> EXERCISE INSTRUCTIONS
Transcribe the stretch of entries below from the line with "Manfinity Homme Men" through the line with "Hasara Villa One", exactly and with both ends included; leave out all other lines.

> DATA FOR THE TASK

%%

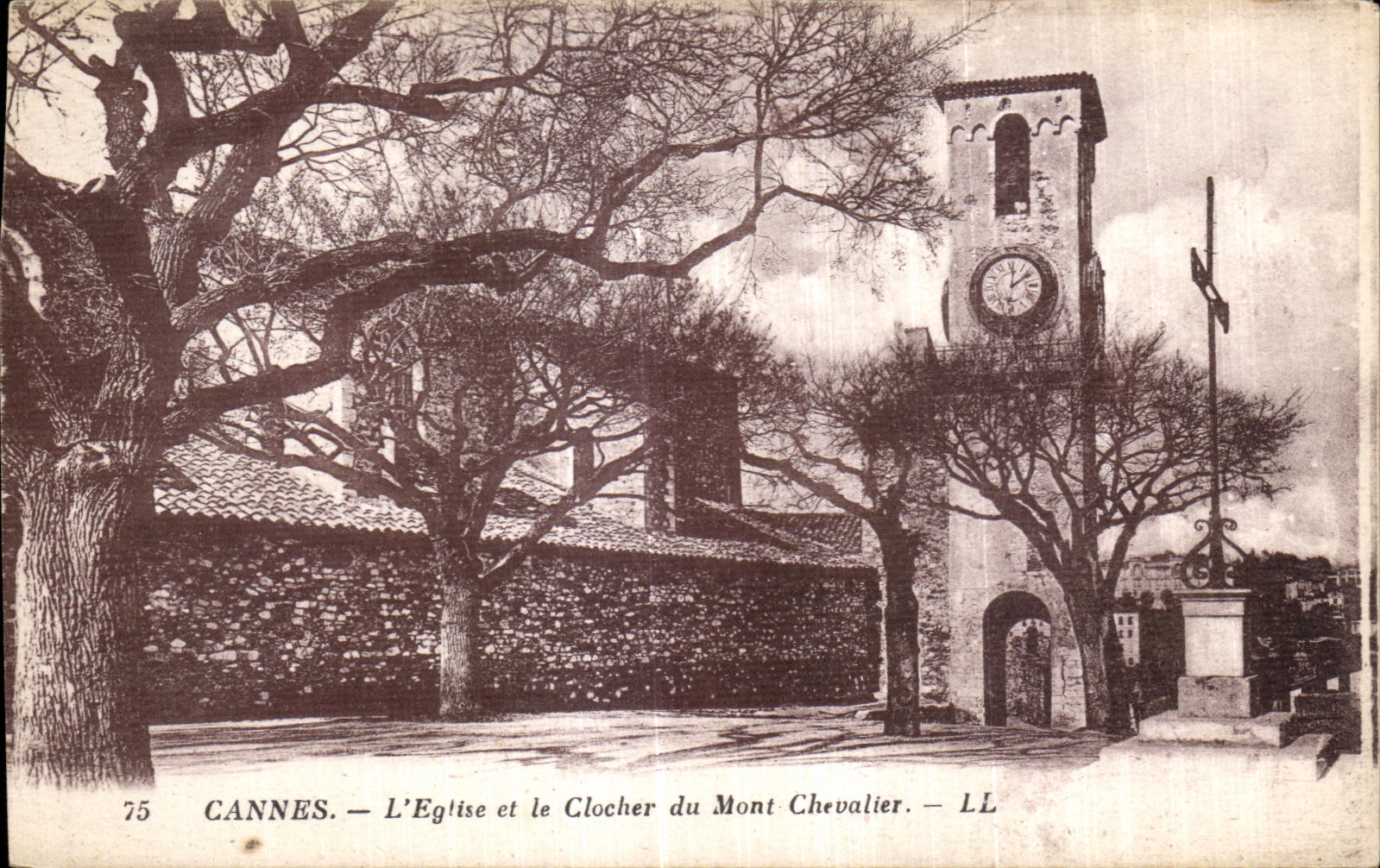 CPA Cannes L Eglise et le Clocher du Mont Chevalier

%%
%%

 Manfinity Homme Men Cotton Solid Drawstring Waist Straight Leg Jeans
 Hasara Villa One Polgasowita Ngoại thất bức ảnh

%%
%%

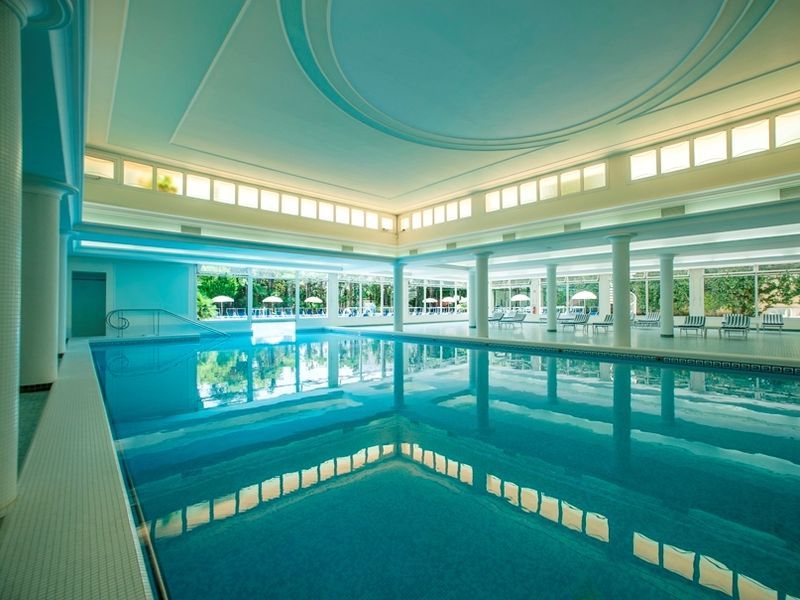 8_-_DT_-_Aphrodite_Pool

%%

> ANSWER SECTION
 Manfinity Homme Men Cotton Solid Drawstring Waist Straight Leg Jeans
 Hasara Villa One Polgasowita Ngoại thất bức ảnh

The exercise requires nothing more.